New story in Health from Time: Researchers Find 102 Genes Linked to Autism in One of the Largest Studies of its Kind to Date

Autism spectrum disorder is a complex neurodevelopmental condition that is likely caused by both genetic and environmental factors. As the name suggests, it also represents a range of symptoms and behaviors, all of which makes teasing apart the genes involved quite challenging.

In a study published Jan. 23 in Cell, researchers led by Joseph Buxbaum, director of the Seaver Autism Center for Research and Treatment at Mount Sinai, took advantage of better genetic sequencing technologies and one of the largest databases of DNA samples from people with autism to identify 102 genes associated with autism, including 30 that had never before been connected with the condition. The study also distinguished the genes more closely associated with autism from those that might also contribute to other neurodevelopmental disorders including intellectual and motor disabilities.

“This is one of the most important, comprehensive studies on the genetics of autism to date,” says Dr. Geraldine Dawson, director of the Center for Autism and Brain Development at Duke University, who was not involved in the study. “The findings start to put into place a lot of pieces of the autism puzzle.”

The team analyzed more than 35,000 samples, including nearly 12,000 from people with autism that were collected by the Autism Sequencing Consortium, an international consortium of scientists co-founded by Buxbaum that has shared samples and data since 2010. By comparing genetic sequences from people with autism to their siblings, and to people not affected by the condition, the researchers were able to isolate both inherited gene mutations, as well as spontaneous, or de novo, genetic alterations that can arise during development after egg and sperm are fertilized, that could contribute to the condition.

One group of mutations, which stop the gene from making whatever protein or other compound it is supposed to, are the easiest to find, says Buxbaum, because their effect tends to be more obvious.

He and his team went beyond these low-hanging genetic targets and also generated statistical models that could find mutations that don’t shut down a gene’s function completely, but change it slightly.

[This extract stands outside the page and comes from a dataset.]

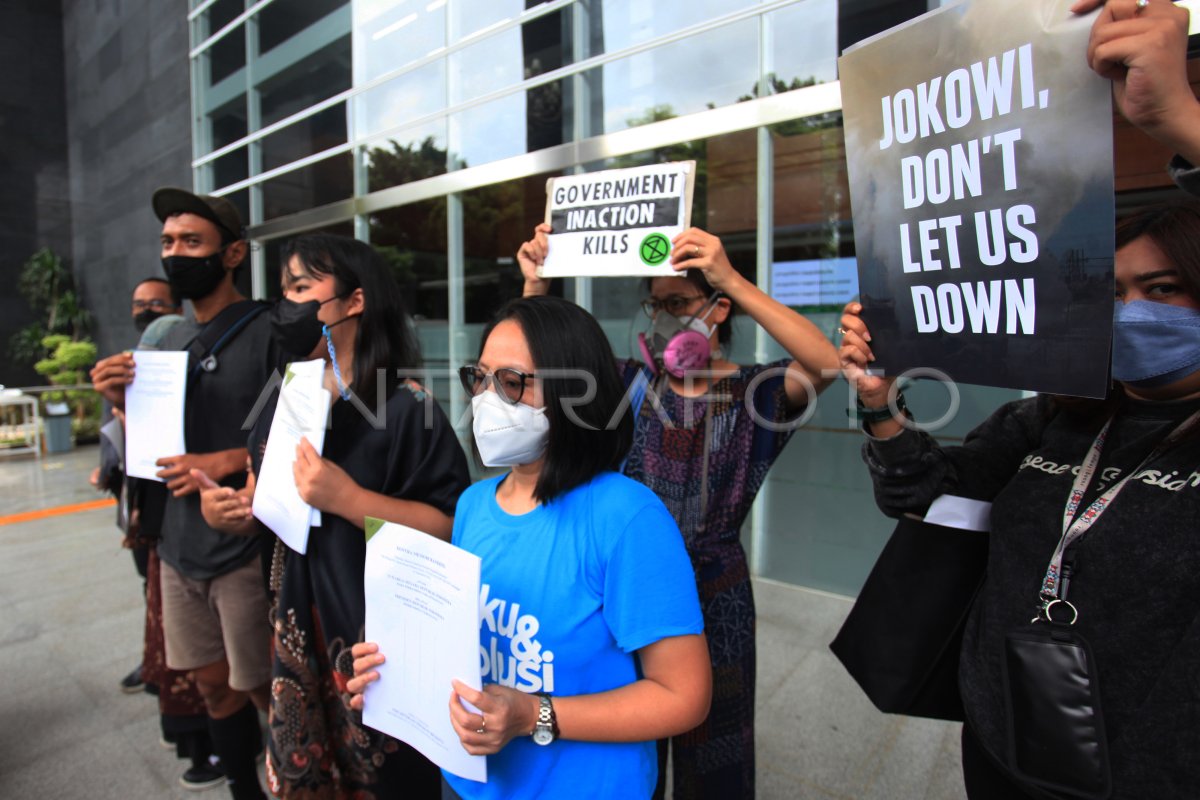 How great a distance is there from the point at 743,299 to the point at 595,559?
0.84 m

These mutations appear at slightly higher frequencies in the autism samples compared to controls, meaning they could have smaller, but still significant contributions to the autism. Knowing that, says Buxbaum, “now gives us insight into the molecular mechanisms of these genes,” which can in turn lead to new ways to treat and mitigate some of the more severe symptoms of autism.

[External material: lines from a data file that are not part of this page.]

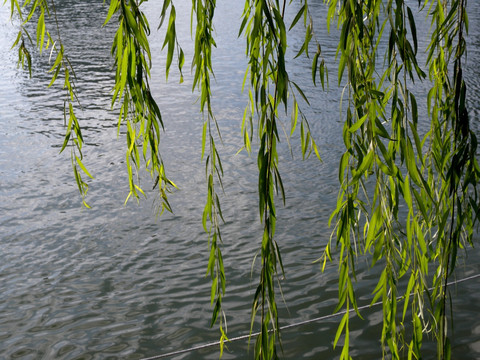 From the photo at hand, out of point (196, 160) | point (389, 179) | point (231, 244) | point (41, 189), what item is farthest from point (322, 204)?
point (389, 179)

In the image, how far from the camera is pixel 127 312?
111 inches

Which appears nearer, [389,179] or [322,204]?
[389,179]

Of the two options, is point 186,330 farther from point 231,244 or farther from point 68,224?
point 68,224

The large number of samples in the study also allowed the researchers to isolate genes that are more intimately associated with autism alone from those that correspond to other conditions, like intellectual disability, language and motor delays that often occur with autism. “From a neurobiological perspective, it’s important to understand whether genes are involved in general cognition or social cognition, as is the case with autism,” Buxbaum says. “Now we have a handful of genes that we can say are really, really autism genes, and much less likely to be intellectual disability genes. That’s a profound neurobiological advance that could be a useful tool for future studies.”

Dawson agrees that the insight into how these altered genes might affect brain function is potentially useful for future autism research. The 102 genes identified seem to be involved broadly in controlling when and how actively genes are expressed, as well as how neurons in the brain communicate with each other. That’s in line with current theories about what contributes to autism; researchers believe an imbalance between brain chemicals that activate and inhibit neuronal signaling can lead to some of the symptoms of the condition.

Ultimately, the added genetic knowledge may lead to new treatments for more severe symptoms of autism. But given the range of genetic factors involved, these strategies may be more personalized than uniform. Dean Hartley, senior director of genomic discovery and translational science for the advocacy organization Autism Speaks, notes that just as there is a range of symptoms for autism, there should be a range of options for considering whether, and how, they should be addressed. “Autism is a spectrum,” he says. “There are a lot of different pathways, and multiple genes and multiple causes of autism. One person may need to be treated differently than another. And by identifying these different genes, we are getting closer to more personalized health care for individuals.